Paperland: The Bureaucrat Observed
This is one of those films that I think didn’t get the spotlight it deserved. It’s a hysterical take-down of bureaucracy and red-tape that will leave you holding your sides from laughing so hard. The tone is so serious, and the content so preposterous. From Symansky I learned that the film was actually his way of getting revenge on a particular producer at the Board. The man had chutzpah.
Another war film, this one tackles WWII and the Holocaust. Brittain took on this film for two reasons – first, he thought it was important that someone tell this story from a non-Jewish perspective, and second, his wife was German, something he somehow seemed to need to reconcile with himself.
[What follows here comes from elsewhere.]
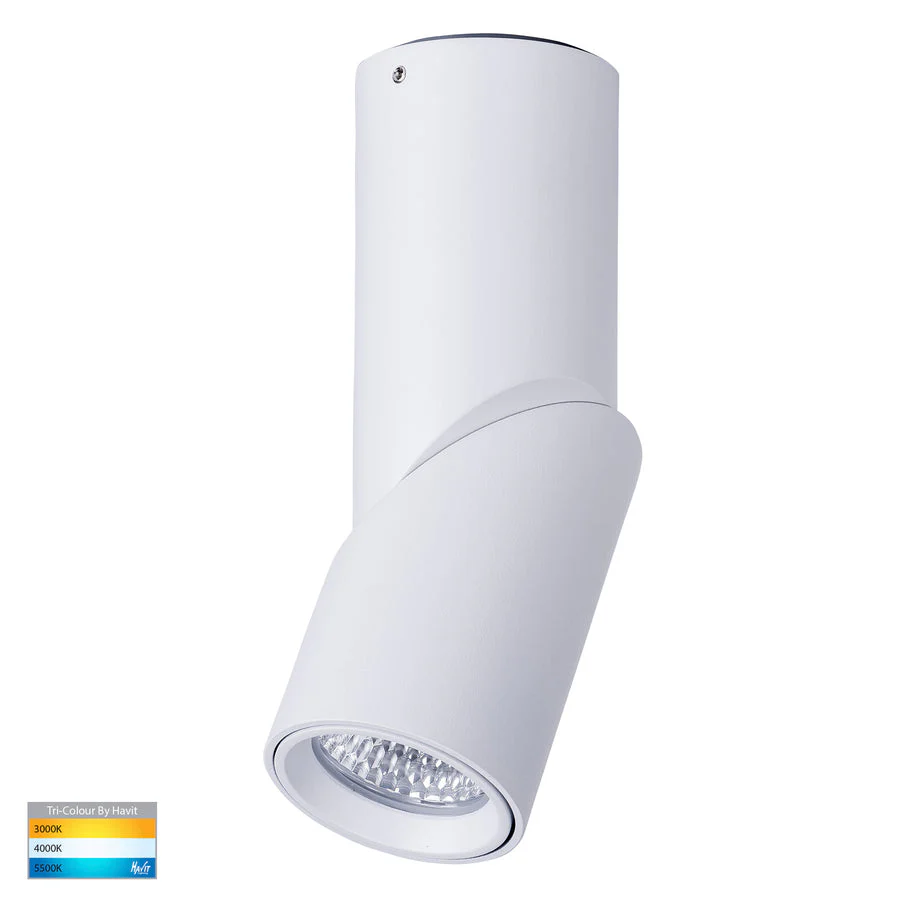 Nella 7w TRI Colour LED Surface Mounted Rotatable Round Downlight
The film itself follows a Holocaust survivor in 1965 as he returns to the concentration camp where he was held prisoner.
King of the Hill
Brittain was a huge baseball fan, especially when it came to the Montreal Expos. A character study of a professional player was the perfect project for him. The film follows Ferguson Jenkins through the 1972-73 season, from spring training through to the sweltering days of August. Fun fact: Much of this film is faked, as they had some difficulty getting access to the team during the second year, so they had to cover using all the first year’s footage.
Volcano: An Inquiry into the Life and Death of Malcolm Lowry
This Oscar-nominated film, which chronicles the life and work of writer Malcolm Lowry, held a special place in Brittain’s heart. It was narrated by Richard Burton, and the thread of great talent tinged by alcohol runs through both the film, and the lives of the three principals involved. It was also a big bonding film for him and his crew. All the forces aligned to make this film one of the greats.